- [PROBLEM REQUIREMENTS]: Output the line containing "Foto del edificio - 9317 Woodhurst Dr" exactly. Do the same for every line after it through the end of the material, and output nothing else.
Top of DATA RECORDS
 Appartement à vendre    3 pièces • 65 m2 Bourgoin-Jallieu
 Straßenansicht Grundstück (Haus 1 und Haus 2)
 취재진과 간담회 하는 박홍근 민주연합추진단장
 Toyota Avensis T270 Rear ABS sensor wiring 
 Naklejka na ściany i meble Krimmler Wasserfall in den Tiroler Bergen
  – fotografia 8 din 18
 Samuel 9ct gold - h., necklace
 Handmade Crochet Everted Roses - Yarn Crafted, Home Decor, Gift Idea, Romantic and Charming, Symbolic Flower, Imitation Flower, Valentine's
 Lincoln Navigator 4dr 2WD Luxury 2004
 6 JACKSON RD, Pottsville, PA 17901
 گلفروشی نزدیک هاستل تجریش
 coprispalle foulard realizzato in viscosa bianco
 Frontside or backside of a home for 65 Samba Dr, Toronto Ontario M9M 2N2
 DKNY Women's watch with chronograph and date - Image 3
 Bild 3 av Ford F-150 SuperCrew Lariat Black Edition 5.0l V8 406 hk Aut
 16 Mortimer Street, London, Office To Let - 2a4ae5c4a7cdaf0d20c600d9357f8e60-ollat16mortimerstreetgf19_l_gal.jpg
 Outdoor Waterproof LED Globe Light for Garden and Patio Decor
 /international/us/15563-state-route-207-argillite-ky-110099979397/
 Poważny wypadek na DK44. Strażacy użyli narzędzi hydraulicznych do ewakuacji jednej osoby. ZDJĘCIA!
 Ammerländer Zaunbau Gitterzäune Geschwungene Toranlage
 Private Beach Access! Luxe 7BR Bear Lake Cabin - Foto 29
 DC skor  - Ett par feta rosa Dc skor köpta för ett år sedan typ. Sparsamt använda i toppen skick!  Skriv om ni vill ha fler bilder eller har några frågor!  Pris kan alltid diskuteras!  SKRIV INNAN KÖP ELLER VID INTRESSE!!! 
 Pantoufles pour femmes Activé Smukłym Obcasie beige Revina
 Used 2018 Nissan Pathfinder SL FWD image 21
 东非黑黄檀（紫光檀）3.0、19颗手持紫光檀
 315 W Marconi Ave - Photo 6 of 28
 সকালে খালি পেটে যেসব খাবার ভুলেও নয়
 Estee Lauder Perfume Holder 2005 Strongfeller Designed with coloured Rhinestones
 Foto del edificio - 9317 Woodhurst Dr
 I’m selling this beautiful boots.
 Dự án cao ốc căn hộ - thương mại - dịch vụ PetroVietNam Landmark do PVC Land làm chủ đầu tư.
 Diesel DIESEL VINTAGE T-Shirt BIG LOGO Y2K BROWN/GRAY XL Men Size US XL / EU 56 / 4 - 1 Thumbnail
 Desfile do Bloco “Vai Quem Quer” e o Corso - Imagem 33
Bottom of DATA RECORDS
- [YOUR SOLUTION]:
 Foto del edificio - 9317 Woodhurst Dr
 I’m selling this beautiful boots.
 Dự án cao ốc căn hộ - thương mại - dịch vụ PetroVietNam Landmark do PVC Land làm chủ đầu tư.
 Diesel DIESEL VINTAGE T-Shirt BIG LOGO Y2K BROWN/GRAY XL Men Size US XL / EU 56 / 4 - 1 Thumbnail
 Desfile do Bloco “Vai Quem Quer” e o Corso - Imagem 33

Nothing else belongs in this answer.